Bugzilla – Bug 128784
No file locking possible on /home directory on nfs server
Last modified: 2006-04-09 17:49:28 UTC
I have an x86 desktop on SuSE 10.0, which mounts the /home directory over nfs. When this nfs server is running SuSE 9.1, everything works. However I decided to upgrade the server to SuSE 10.0 as well, but now several programs don't start anymore. The programs being affected that I identified sofar are: - Eclipse - OpenOffice - Skype For OO I found a workaround (see comment 3 & 4) in: https://bugzilla.redhat.com/bugzilla/show_bug.cgi?id=152269 For eclipse it is possible to disable file locking as well according to the information in a log file: !MESSAGE Error reading configuration: An error occurred while locking file "/home/aart/.eclipse/org.eclipse.platform_3.1.1/configuration/org.eclipse.osgi/.manager/.fileTableLock": "Stale NFS file handle". A common reason is that the file system or Runtime Environment does not support file locking for that location. Please choose a different location, or disable file locking passing "-Dosgi.locking=none" as a VM argument. For skype I haven't found any workarounds. There is probably more software not working that I haven't tested yet. For the time being I will have to boot my server in 9.1. Since it is dual booting SuSE 10.0, I'm more than willing to test any patches. My setup: On server /etc/fstab entry for /home directory /dev/hda8 /home reiserfs acl,user_xattr 1 2 This directory is exported with the YaST nfs server utility. The results in /etc/exports containing: /home *(rw,no_root_squash,sync) On the desktop-client the nfs directory is mounted based on the following entry in /etc/fstab: 192.168.1.2:/home /home nfs acl,rw 1 1
Why this was a blocker? I guess this is kernel nfs.
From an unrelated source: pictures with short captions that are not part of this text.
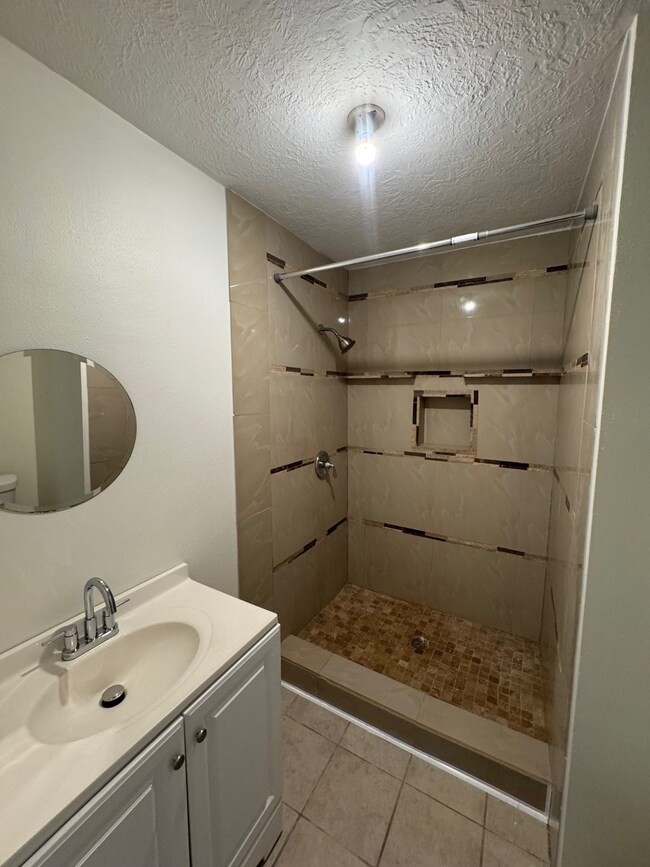 10134 Kirkglen Dr unit 3, Houston, TX 77089 - photo 4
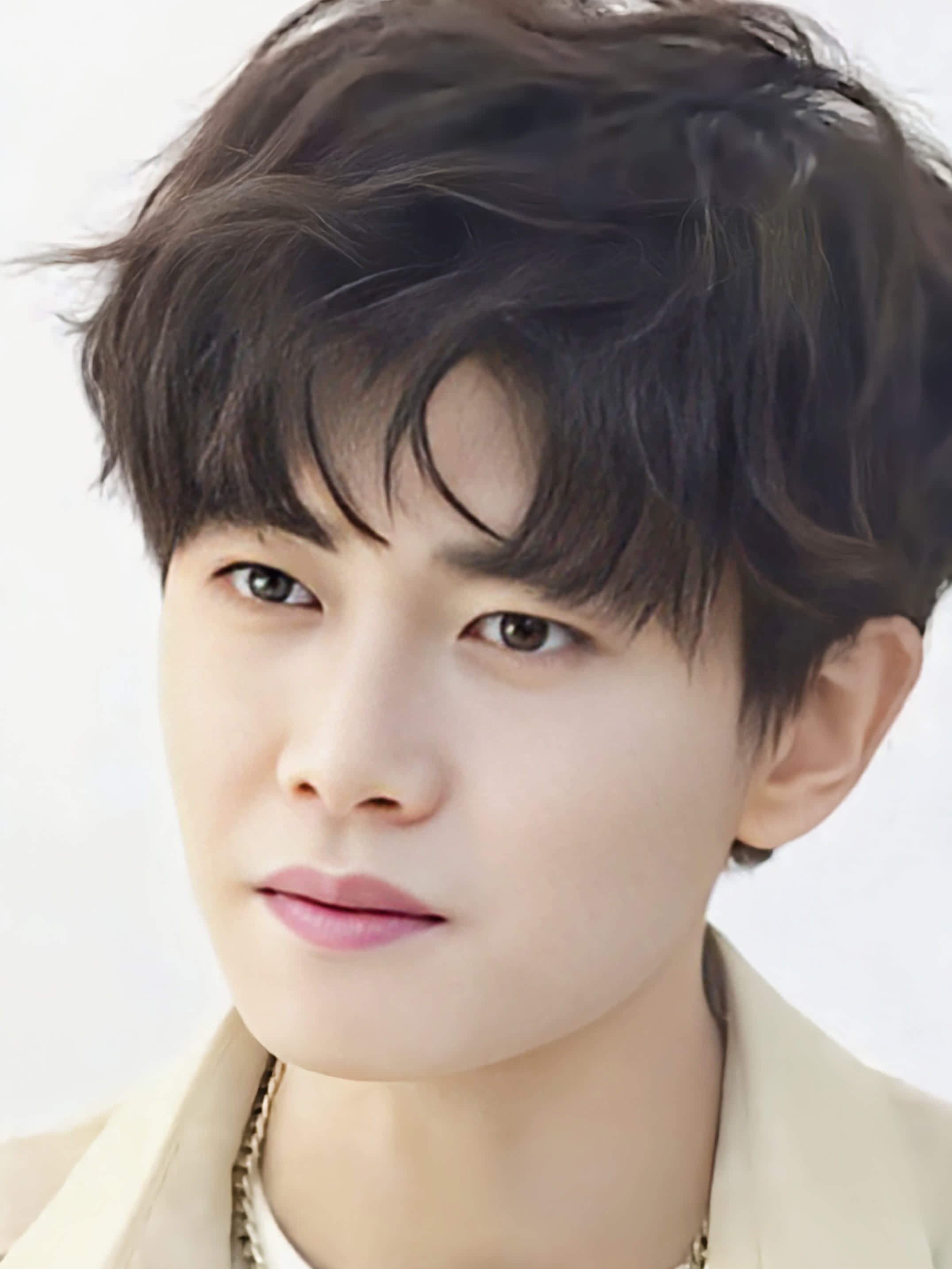 任嘉伦用微笑告诉别人,努力了就会有所收获-度小视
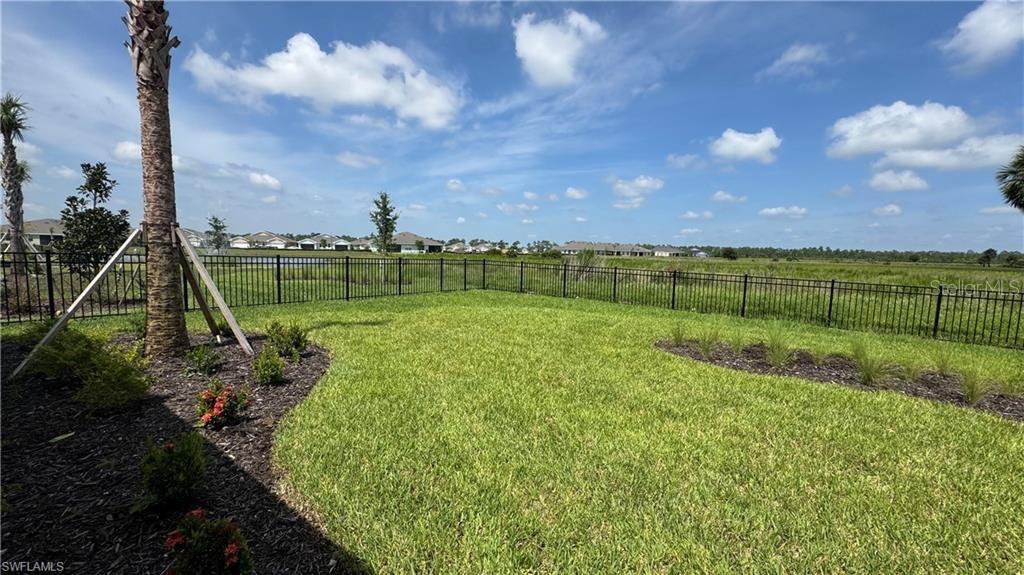 17710 Shade Tree Loop Property Photo 26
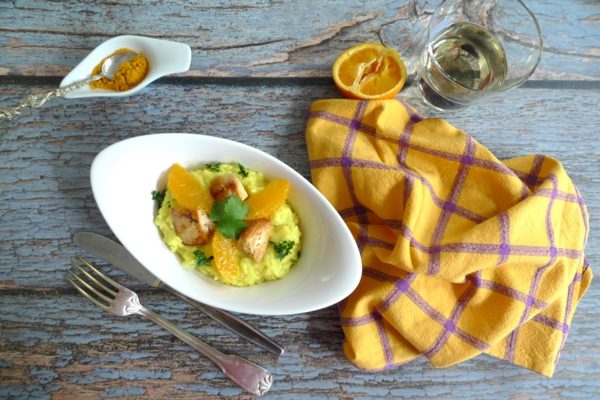 Kurkuma-Risotto mit Hühnerfleisch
One more for Neil, although it looks as though the lock server just isn't running.
I see a lockd process on the nfs-server when I do a ps ax, just after the nfs processes when running 10.0 on the server. This looks very similar to the process list on 9.1. Here is that part of the ps ax dump when running 10.0 on the server: 4253 ? S< 0:00 [nfsd4] 4258 ? S 0:00 [nfsd] 4259 ? S 0:00 [nfsd] 4260 ? S 0:00 [nfsd] 4261 ? S 0:00 [nfsd] 4303 ? Ssl 0:00 /usr/sbin/nscd 4292 ? S 0:00 [lockd] One more piece of info: The problem also exists when the firewall on the server is switched off. Why a blocker?: To me it is when 3 out of my five mostly used apps run crippled or not on a 10.0 server, I won't be using it. From your standpoint of view with all the issues being reported, I can assume you will have a different opinion, but since I didn't see a description on the definitions of these priorities when I had to select one, I selected based on my perception.
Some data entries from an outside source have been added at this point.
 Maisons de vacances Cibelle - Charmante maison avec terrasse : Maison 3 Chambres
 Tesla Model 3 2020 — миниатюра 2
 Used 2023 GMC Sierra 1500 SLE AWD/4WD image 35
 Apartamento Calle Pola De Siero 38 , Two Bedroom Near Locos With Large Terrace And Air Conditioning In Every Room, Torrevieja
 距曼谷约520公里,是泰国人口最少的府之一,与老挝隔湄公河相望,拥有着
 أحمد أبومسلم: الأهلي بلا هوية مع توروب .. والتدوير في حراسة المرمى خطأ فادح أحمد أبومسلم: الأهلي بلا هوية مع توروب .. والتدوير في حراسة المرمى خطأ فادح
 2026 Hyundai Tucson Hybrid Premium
I think I have the same or similar bug on an x86_64 client - again mounting /home over nfs from an i586 server. Symptons for me include OpenOffice reporting "A General Input/Output error while accessing ...". Workaround as suggested above worked for me. Rather more difficult to fix is MSOffice under CrossOver Office doing the same thing. Was all working with 9.3 client and server. Possibly relevant: I've got multiple things like this in /var/log/messages: Oct 18 23:35:30 nova kernel: lockd: unexpected unlock status: 7 Possibly also relevant - I thought I saw something about the way locking was handled in nfs got changed in 2.6.12 - my 9.3 machines were runing 2.6.11, the 10.0 machines run 2.6.13...
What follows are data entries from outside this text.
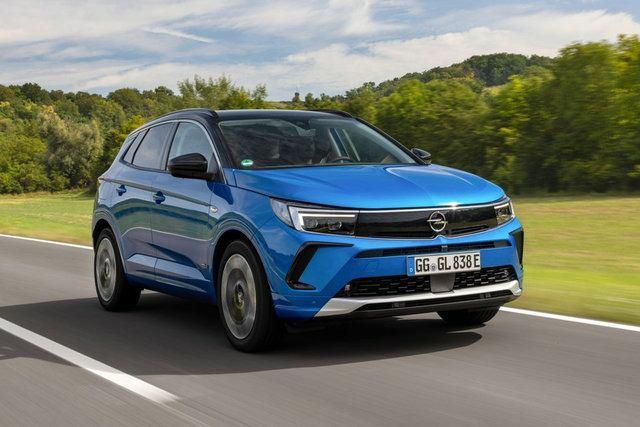 <p><strong>OPEL</strong></p>
<p>Alman markanın Grandland modeli, Kasım ayına özel hazırlanan kredi tekliflerine ek, versiyona bağlı değişen indirim tutarları sunuyor.</p>
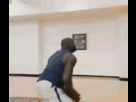 https://image.noelshack.com/fichiers/2013/17/1366739396-shaq-dunk.gif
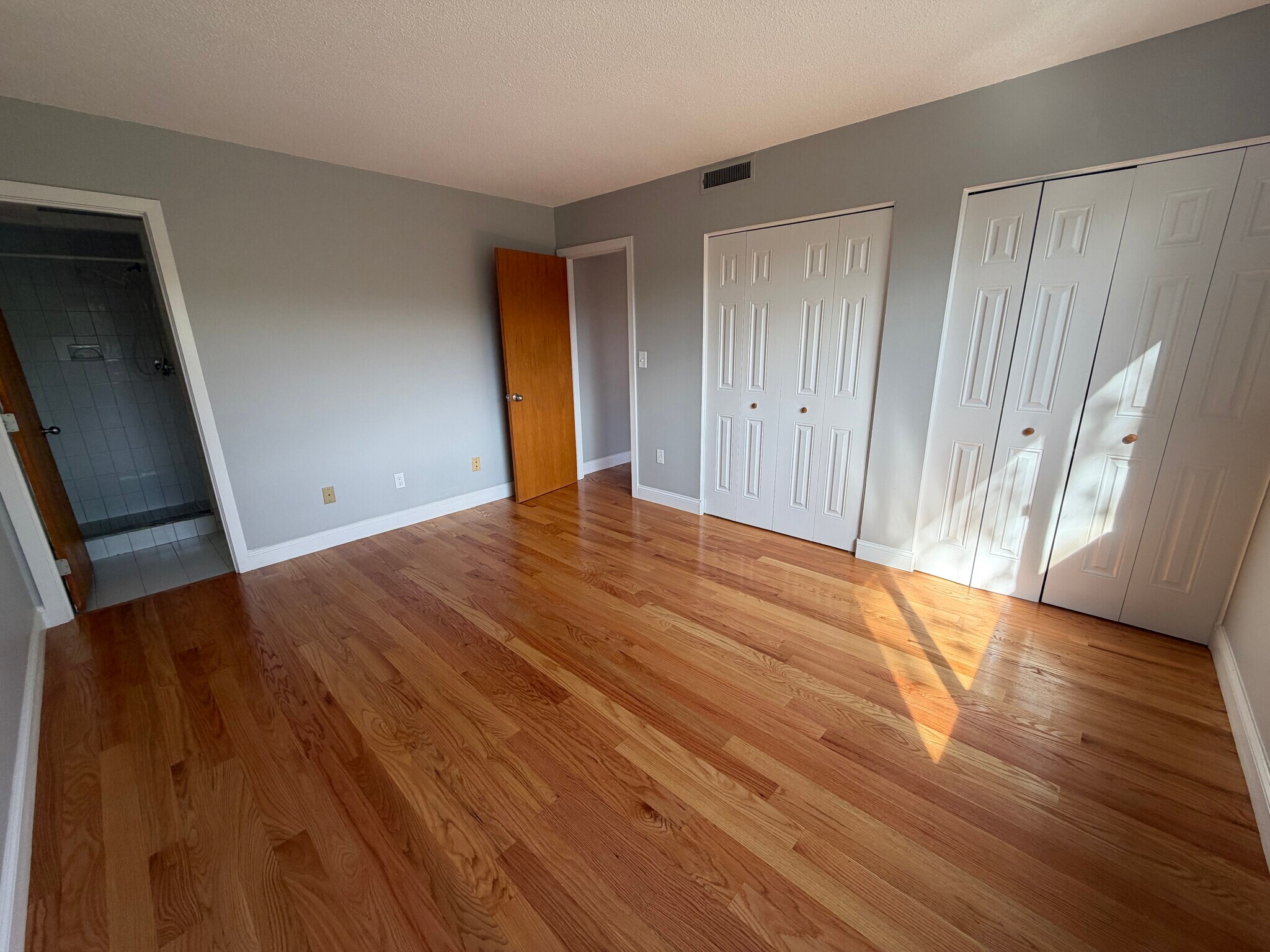 Building Photo - 1751 Beacon St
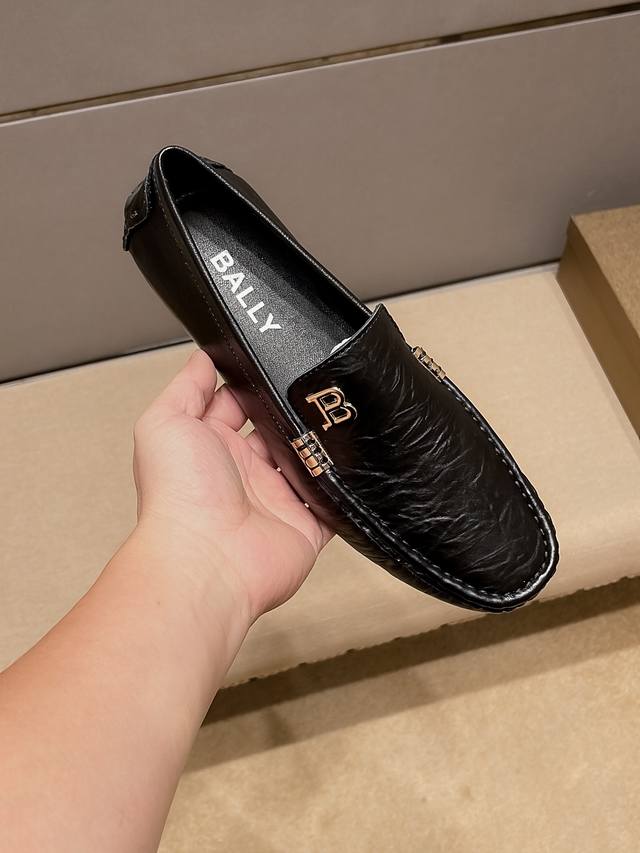 实价 ，品牌巴利官网原版正品～四季潮鞋 专柜旗舰店新款，巴利优质做工，鞋面:进口原版荔枝纹牛皮、全真不掉色牛里，时尚懒人商务风设计，休闲乐福款，跑步鞋青年人最适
Yep, there is a bug in the kernel-based 'statd' which makes lockd not work. You could disable the kernel-based statd with the kernel parameter lockd.nsm_use_kstatd=0 but then you would need the user-space statd, which doesn't come with SuSE-10. The simplest short-term fix would be to add the above kernel parameter to the appropriate line in /boot/grub/menu.lst and get a source distrib of nfs-utils and compile statd from that. A better solution would be to fix the kernel bug, which ofcourse requires recompiling the kernel. I'll try to put togther a patch in the next day or so.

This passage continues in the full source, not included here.